**DESCRIPTION OF THE TASK**
From the first line to the last, copy the data exactly and drop the pictures.

**DATA UNDER STUDY**
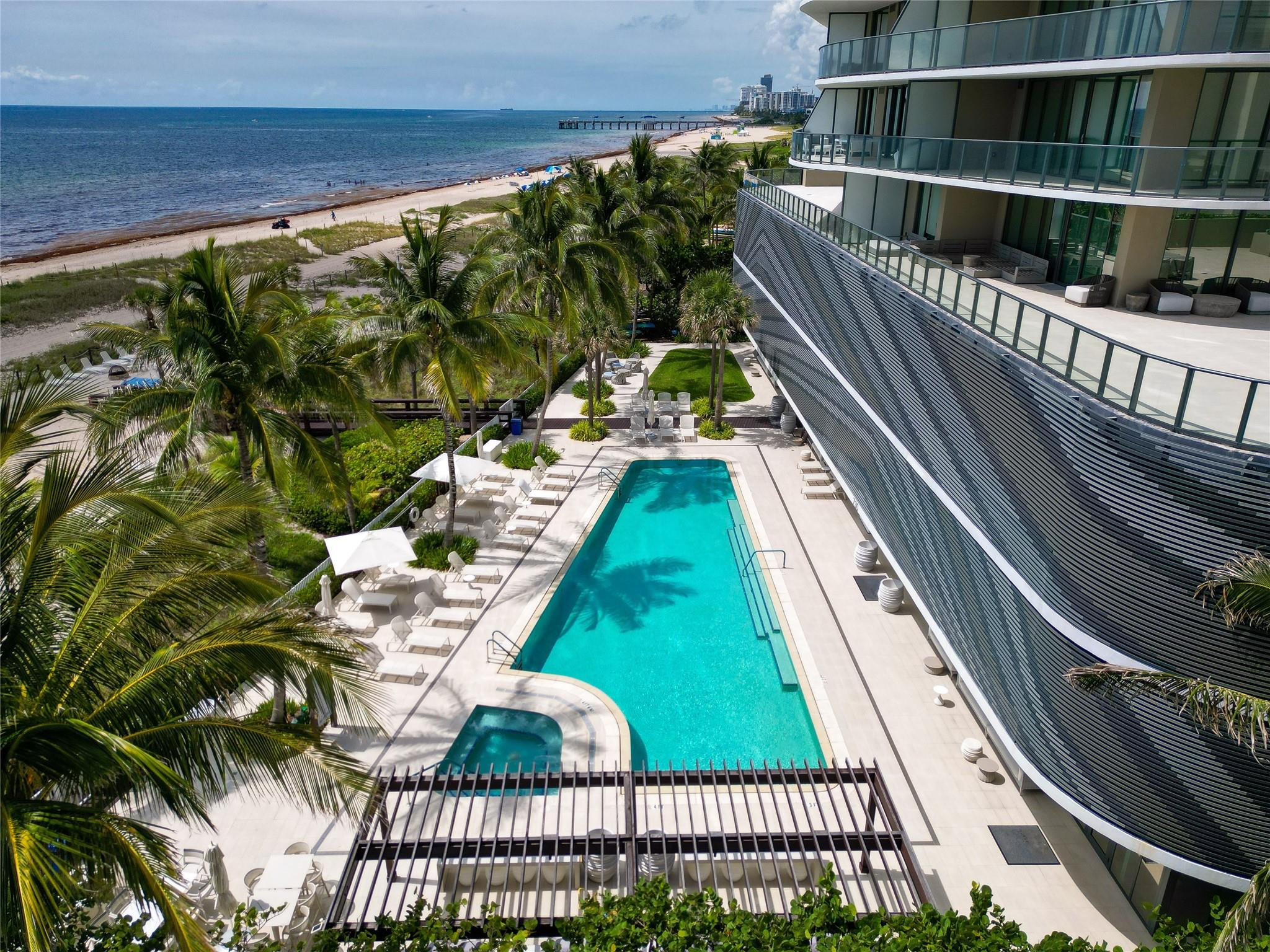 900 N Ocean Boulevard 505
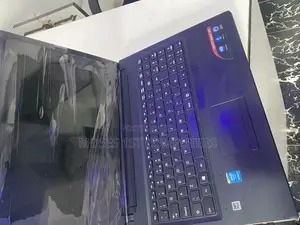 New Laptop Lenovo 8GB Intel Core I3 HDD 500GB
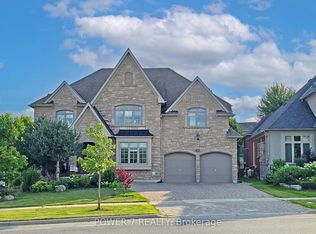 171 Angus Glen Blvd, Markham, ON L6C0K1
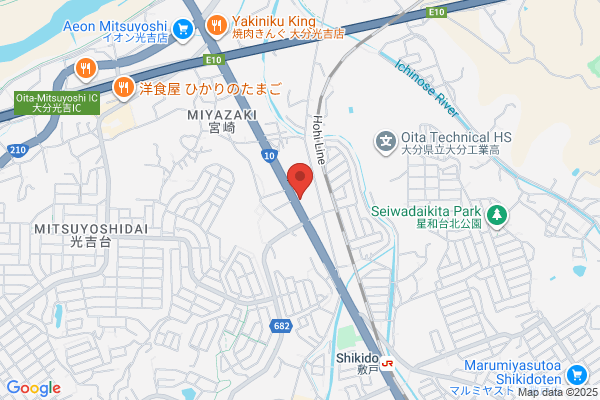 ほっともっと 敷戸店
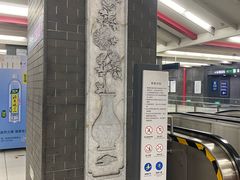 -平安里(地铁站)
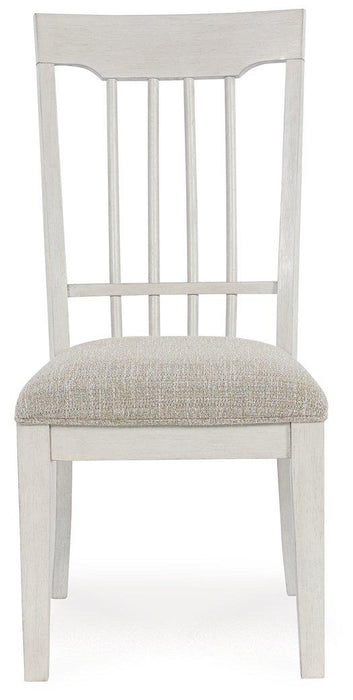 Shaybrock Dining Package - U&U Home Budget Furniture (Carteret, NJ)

**EXERCISE OUTPUT**
 900 N Ocean Boulevard 505
 New Laptop Lenovo 8GB Intel Core I3 HDD 500GB
 171 Angus Glen Blvd, Markham, ON L6C0K1
 ほっともっと 敷戸店
 -平安里(地铁站)
 Shaybrock Dining Package - U&U Home Budget Furniture (Carteret, NJ)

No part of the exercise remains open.